Normally falling from that height would not necessarily result in death but if a tender child of 1½ years is thrown from that height with force, even if there be no intention, knowledge as rightly held by the Sessions Judge can easily be attributed. 16. Keeping in mind the advanced age of the Appellant, we consider it appropriate to direct that at the time of her surrender she shall be medically examined in presence of a doctor and a report shall be prepared of her physical condition and ailments, if any. It shall be the responsibility of the jail authorities to ensure her good health and treatment when necessary.

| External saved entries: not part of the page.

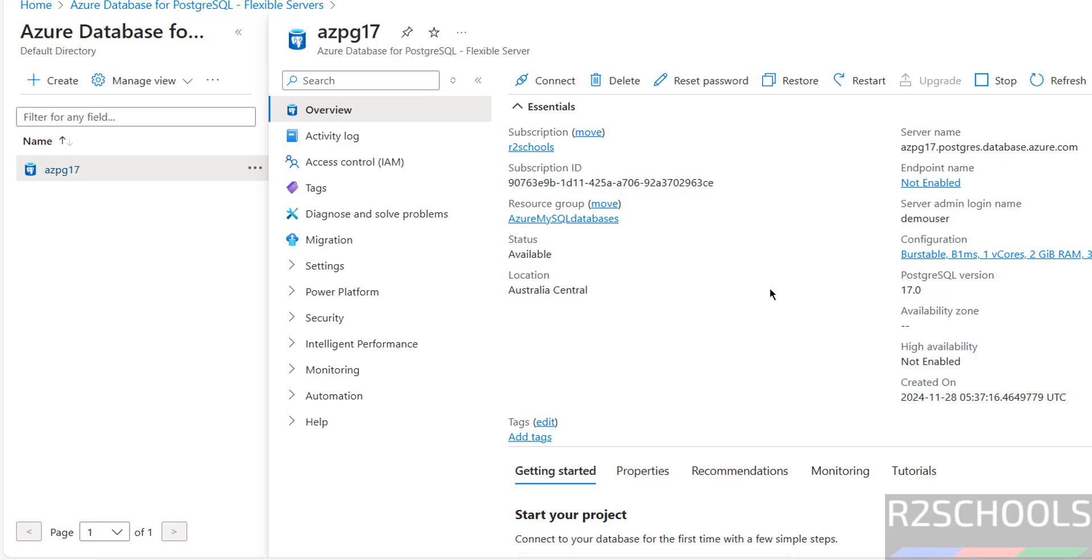In this video, we have seen how to set up Azure Database for PostgreSQL, then we have seen how to connect it by using Cloud Shell, pgadmin, DBeaver, and psql client. For more PostgreSQL tutorials, please subscribe my channel. Thank you.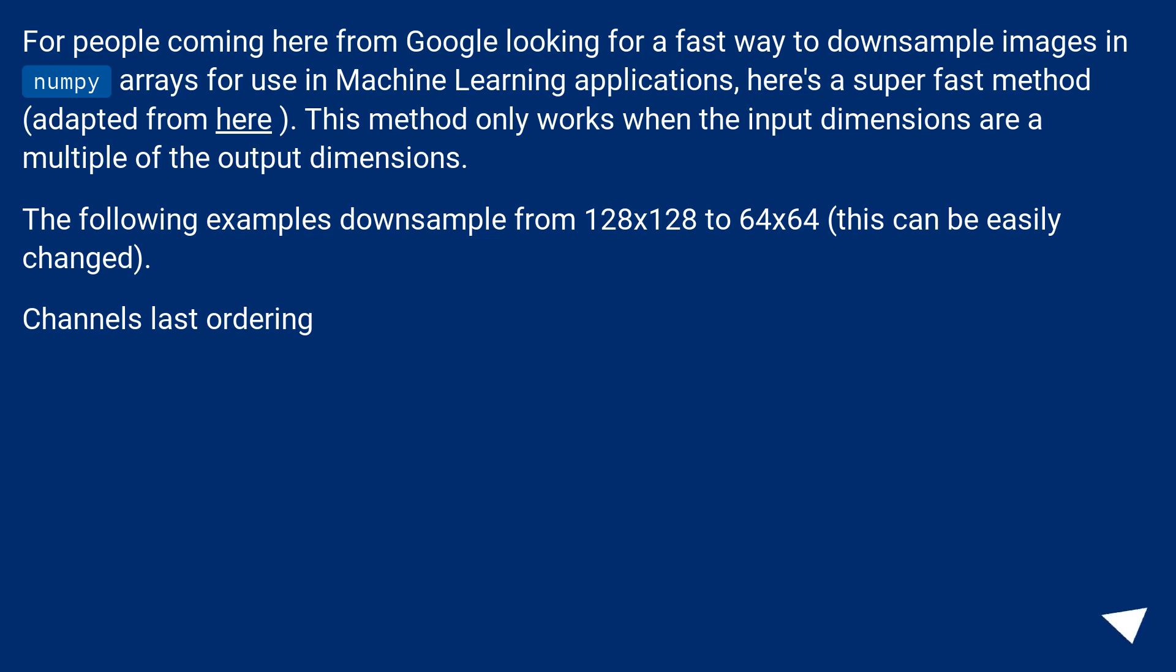The following examples downsample from 128x128 to 64x64. This can be easily changed. Channels last ordering.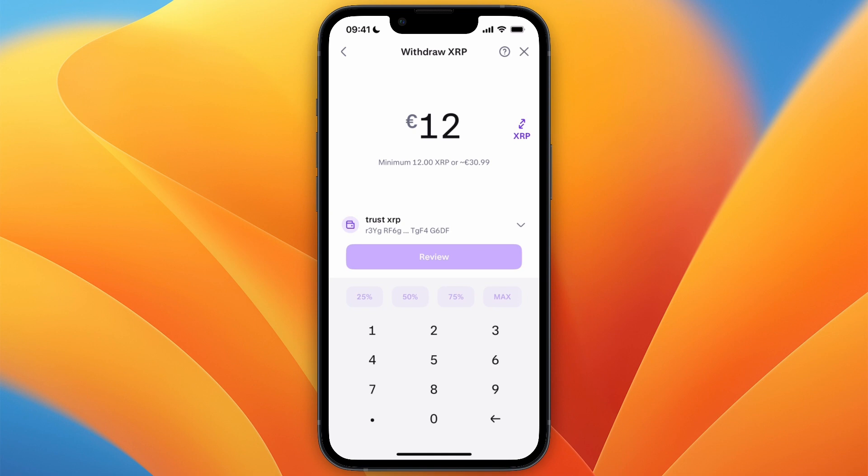So that's how to transfer XRP from Kraken to Trust Wallet. If this video was helpful, please consider leaving a like and subscribing to my channel. With that being said, I'll see you in the next video.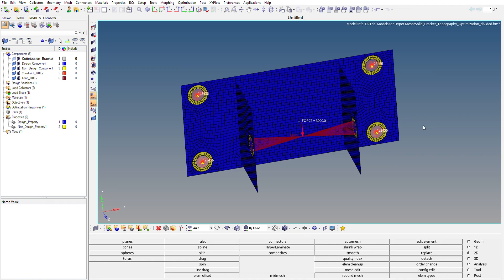Hello everyone, welcome to my channel Hypermesh Basic to Advanced. In this video we are going to see topography optimization using HyperMesh and OptiStruct. I make videos and blogs related to HyperMesh and FEA. If you want to see more of my content, you can visit my website hypermeshbasictoadvanced.in, which I will put in the description.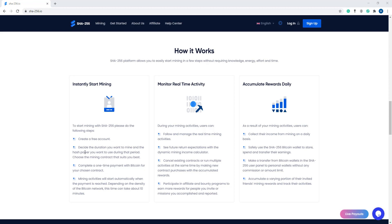Then, decide the division you want to mine and the hashpower you want to use during that period. Choose the mining contract that suits you best.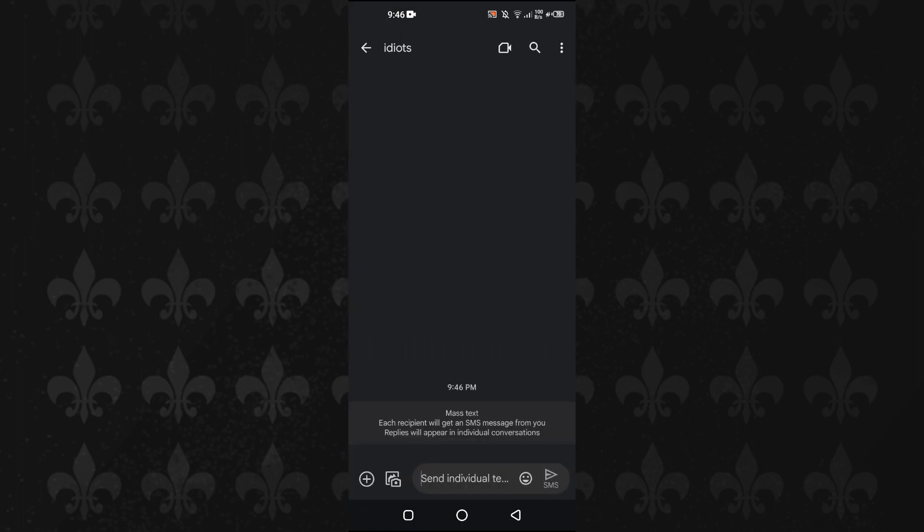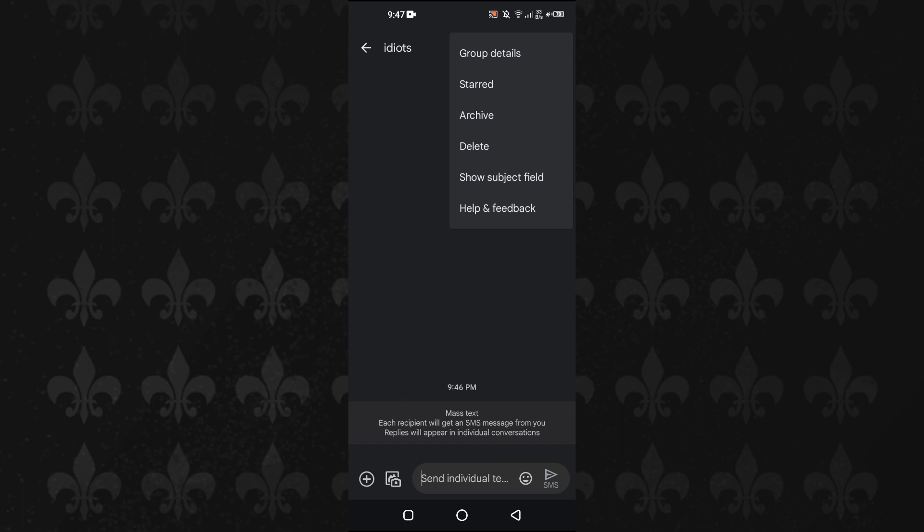Here you can see that I have this group. If you want to leave this group, you will tap on the three dots at the top right here, and here you can see that we have a bunch of different options.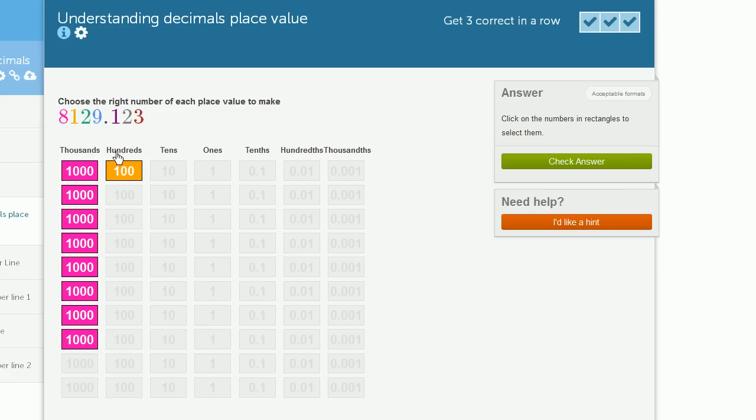Then we have 2 tenths. This 20 is 2 tenths. We're going to need 2 tenths. Then this 9, well that's just 9 ones.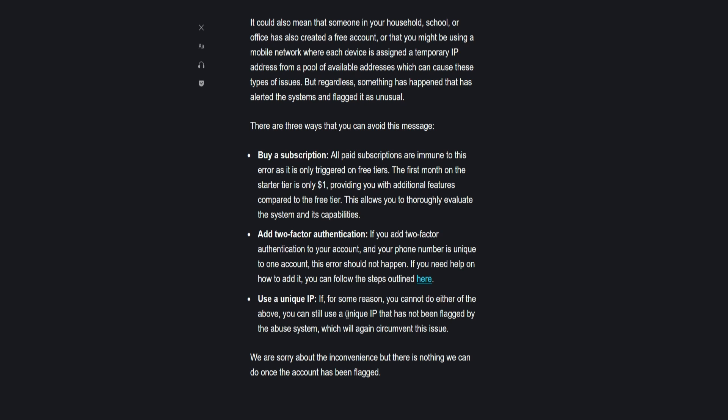circumvent this issue. So those are the three ways to avoid this message: number one, buy a subscription; number two, add two-factor authentication; and lastly, number three, use a unique IP.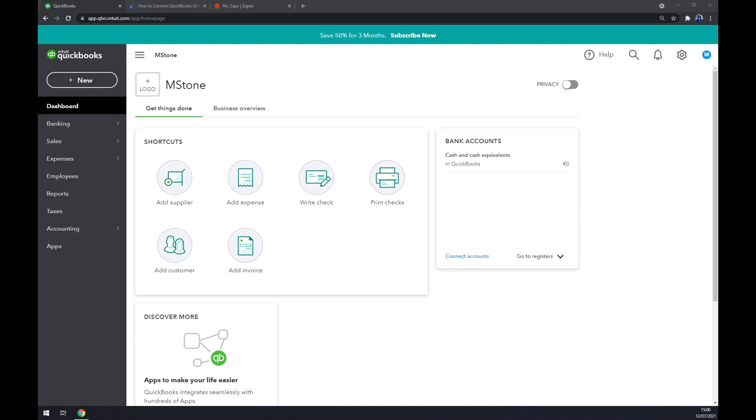Hello, my name is Matthew and in today's video I'm going to show you how you can integrate QuickBooks with WooCommerce. First things first, we have to create ourselves an account at QuickBooks.com or we have to log in to our existing account.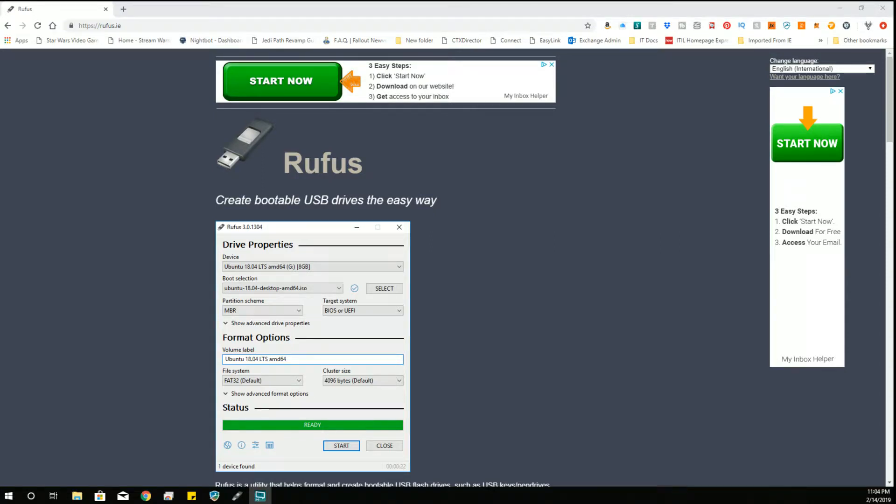Hey, welcome to the part of this series where we show how to write an image file, particularly for the Raspberry Pi, using Rufus. Now, I have to say that Rufus is my preferred way to write image files.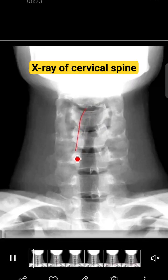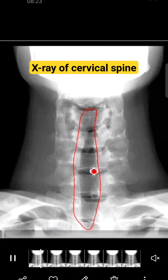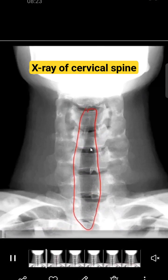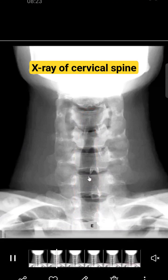This is the X-ray of the cervical spine. Here you have the first question: identify this black longitudinal shadow. My dear students, this is the shadow of the trachea — as you know, it contains air. The second question comes about identification of these side-placed projections.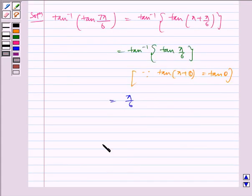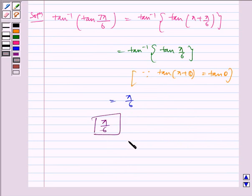Therefore, the required answer is pi by 6. I hope you understood the session. Bye and have a nice day.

She shall also be provided any such necessary and imperative facility as may be required because of her advanced age. The jail authorities on the day of her surrender are also directed to intimate immediately the Secretary, District Legal Services Authority of the District concerned in writing. The Secretary shall ensure that PLV visits the Appellant once a fortnight and submits a report to the Secretary, District Legal Services Authority who shall in coordination with the jail authorities ensure that she is provided and looked after befitting her age. 17. The bail bonds of the Appellant are cancelled. She is directed to be taken into custody forthwith and/or surrender for serving out the remaining period of her sentence. 18. With the aforesaid observations, both the appeals are dismissed.